Lei crônica de Carlos Drummond de Andrade sobre Alcântara

“Qualquer pessoa que tenha um mínimo de sensibilidade em face das coisas de arte e história (os “bens culturais” que o Governo procura não só defender como incitar a população a fazer o mesmo) arrepia-se ao ler que será instalada em Alcântara a segundo base de lançamento de mísseis brasileiros...”

    A área já começou a ser demarcada e um fato novo, surpreendente, bole com os nervos da pacata população da pacatíssima cidade inscrita no livro do Tombo do IPHAN como monumento nacional”

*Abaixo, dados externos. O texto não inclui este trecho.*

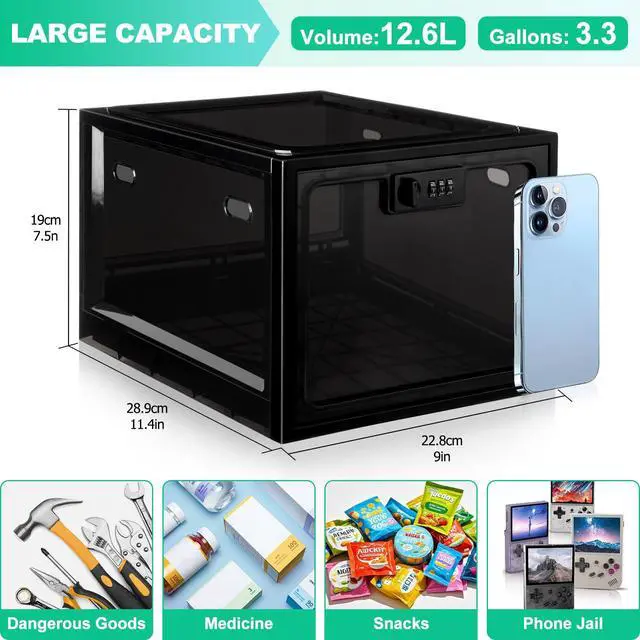Alt view image 3 of 7 - Medication Lock Box with Code, 12.6L Large Lockable Storage Box for Medicine, Snacks, Phone, and Electronics - BPA-Free, Clear Design with Charger Holes for Home, Office, Dorm, and Fridge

    Claro que os foguetes não serão lançados no espaço ocupado pelo acervo arquitetônico e paisagístico da cidade, mas a proximidade dessas assustadoras engenhoca vai trazer modificações profundas no viver de sua gente, e não é de crer que os benefícios de circulação do dinheiro compensem os incômodos da militarização de vasta área agrícola em torno do conjunto tombado. Não se poderia localizar a estação de mísseis em outro ponto, sem, afetar a grave e silenciosa beleza de Alcântara, com seus velghos sobrados convertidos em monumento nacional?”

Na coluna do Caderno B do Jornal do Brasil, edição de 21 de julho de 1981.